By Susan Gately - 28 November, 2015
Many Irish Catholics are only beginning to awaken to the real significance of the Second Vatican Council, according to author and lecturer Fr Niall Coll.
Speaking at the launch of a book of essays on Ireland and Vatican II published on the 50th anniversary of the closing of Vatican II, he said it was important to mark the closure “because that is when its implementation begins.”
The priest of Raphoe diocese, who edited the book, said the reception of Vatican II was slow in Ireland because of the “unusually high number of religious” compared to elsewhere in the Church, “giving the impression for longer of business as usual”.
Published by Columba Press, Ireland and Vatican II is a selection of twenty-two essays divided into three sections – Retrospectives, Theological, Pastoral and Social and a final section covering Education.
At its launch on Thursday night, Irish Catholic editor Michael Kelly said it would “contribute greatly to the understanding and the ongoing relevance of Vatican II.”
“Quite often you hear people say ‘Oh in Ireland we didn’t really implement Vatican II or not enough was done.’ I think those statements are true but they can be glib. It is important to unpack what that means. A book like this is a good pause for thought to reflect after fifty years.”

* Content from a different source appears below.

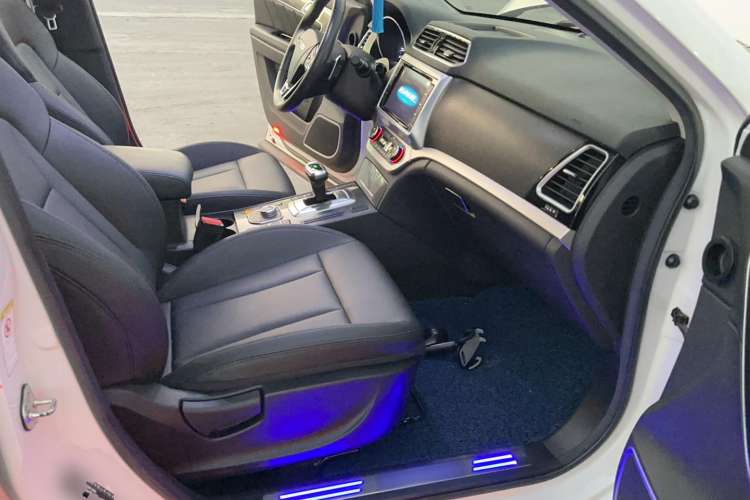 Used Haval H6 Coupe 2017 Red-Label 2.0T Automatic Two-Wheel Drive Elite Model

Contributors to the 330 page book range from well known Jesuits like educationalist and author Paul Andrews SJ (A Whirlwind of Change, New Life: One Jesuits Experience) and author Oliver Rafferty SJ (The Catholic Church in Ireland and Vatican II in Historical Perspective), to academics like Prof Eamonn Conway (A Guide through Today’s Educational Emergency?), Fr Eugene Duffy (Reimaging the Church in Ireland in the Light of Vatican II) Fr Paul Fleming (Mary and her Role in the Church Today), Prof Colin Harvey(Encouraging Dialogue? Human Rights and Vatican II), Sharon Haughey (Spirituality in School: Encouraging Young Faith), Fr Feidhlimidh Magennis (From Dei Verbum to Verbum Domini), Gerard McCannn (A Philosophy of Hope and Vatican II), Fr Edward McGee (Towards a Fuller Participation in the Liturgy) and Gareth Byrne (The National Directory for Catechesis in Ireland).
Two chapters come from non Catholics: Vatican II Fifty Years On: Some Anglican Reflections by Archbishop Richard Clarke, and the Influence of Vatican II on the Protestant Churches in Ireland by Patrick Mitchel.
Baroness Nuala O’Loan wrote an essay on Liberation and Authenticity, while former director of Focolare in Ireland, Juanita Majury, traced the growth of new religious movements in Ireland following Vatican II (The Second Vatican Council and the New Religious Movements in Ireland).
Other chapters came from Fiona Dineen (Catholic Education in Ireland), Fr Gerry Reynolds (Ecumenism: A personal pilgrimage), Paschal Scallon CM (A response to the violence of the modern world), Aidan Donaldson (The Preferential Option for the Poor), Irish Catholic editor, Michael Kelly (Media and Church in Ireland since the Council) and Eithne Woulfe (Religious Life in Ireland Today).
Speaking at Thursday’s launch at the offices of the Irish Catholic, Baroness Nuala O’Loan noted the absence of a voice from the Irish Catholic hierarchy.
“I think it is profoundly unfortunate that the voice of the bishops is not heard in this book and I know that voice was sought,” she remarked.
She said the book was about the “journey of the Irish people from before Vatican II to the present day, the journey of faith – keeping faith, holding faith” during a time of “monumental change”.
She reminded those present of some of the markers of the pre-Vatican II era: the Mother and Baby Homes, how those born outside marriage could not become priests or religious, the weekly ritualistic confession, the prohibition of entering churches other than “our own”, the ‘Ne Temere’ decree, the conceptualisation of women as either “good mothers or Eve like sources of temptation”.
“All that was the product of a pre-Vatican II thinking.” Baroness O’Loan said the book traced the revolutionary change brought by the council and its aftermath.
“You will meet the battle between the liberation theologians and those who saw the danger of Marxism impacting on the Church as a result of Liberation Theology.”
Ireland suffered its own trauma and conflict, she said, “partly because of its failure to adequately respond to Vatican II”.
She concluded describing the book as a “seminal contribution to understanding the state of the Church in Ireland today and hope for the future.”